# Fur The More 2018



## Open_Mind (Oct 30, 2017)

... only 172 days!
Theme: Fantasy in the Sakura Forest

April 20-22, 2018
Sheraton Tysons Hotel, Tysons, VA

Home - Fur The More 2018


----------



## HeartlessSora (Oct 30, 2017)

NOOOO THIS IS ON U.S. , sadly i cant go T_T


----------



## Simo (Oct 31, 2017)

I'm definitely hoping to go....was fun, in past years!


----------



## OtterPriest (Nov 15, 2017)

So excited to go! It's gonna be my first furry convention!
(Was gonna be Anthrocon, but my friend convinced me to go to Furthemore)


----------



## Open_Mind (Nov 16, 2017)

Thats great to hear, Otter! Only 155 days...


----------



## Open_Mind (Nov 27, 2017)

Registration is now open!

Registration - Fur The More 2018


----------



## Simo (Jan 3, 2018)

OK, booked a room for Friday and Saturday! All excited now. This is a great, cozy con, and I love the way it takes place in one nice hotel. 

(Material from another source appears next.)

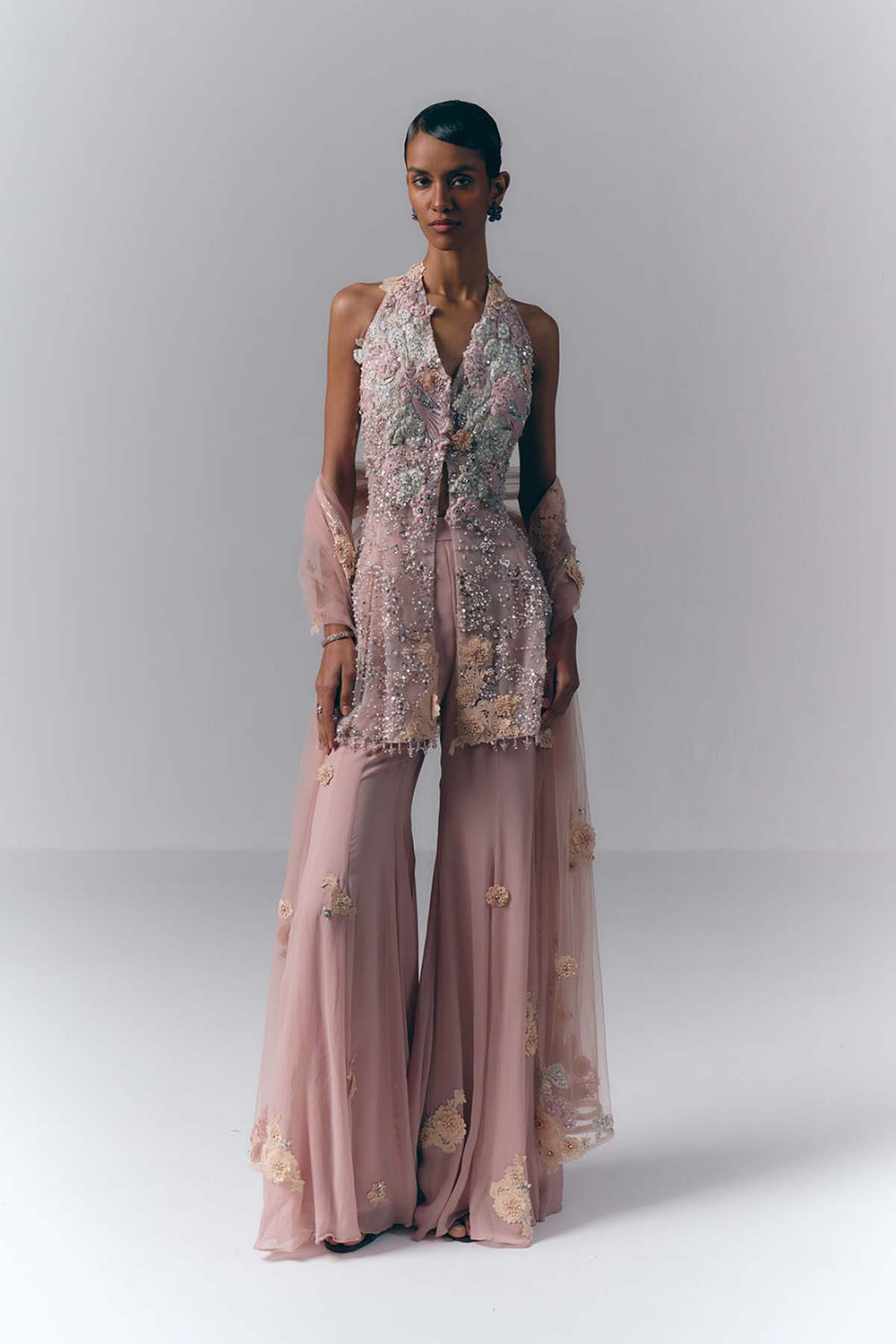 Blush Pink Embroidered Sharara Set|VARUN BAHL
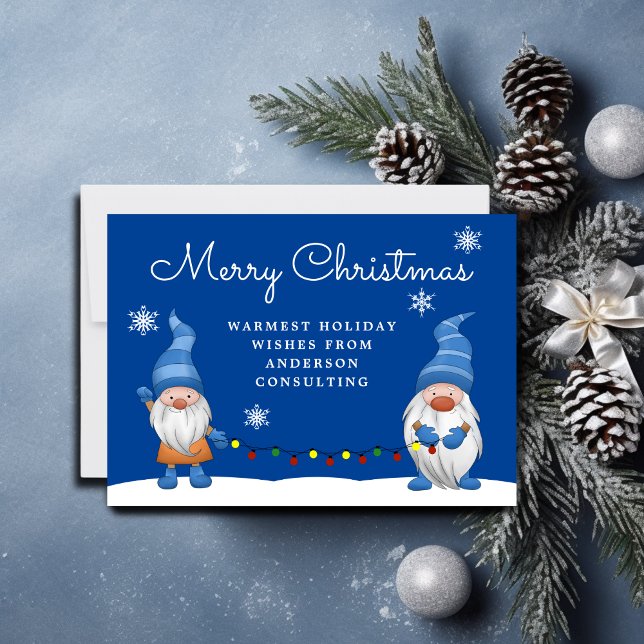 Merry Christmas Gnomes Business Blue Holiday Card (Creator Uploaded)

Anyone else going, from near or far?


----------



## Open_Mind (Jan 3, 2018)

I plan to go, but I still need to make my room reservation!


----------



## Mudman2001 (Jan 3, 2018)

I'm a no go, I can only fly to one Con year and I already promised my gaming group that I would go to Gen Con


----------



## TheLaughingLion1 (Feb 3, 2018)

I'm going to be there as well.  This will be my first convention ever (furry or otherwise).  I'm very new to the fandom and am hoping to have a great time, but my only concern is about how introverted I am.  Anyone have any advice on how to get the most of Fur The More?  I recently moved and now am fairly local to where this event is being hosted.


----------



## Open_Mind (Feb 3, 2018)

TheLaughingLion1 said:


> I recently moved and now am fairly local to where this event is being hosted.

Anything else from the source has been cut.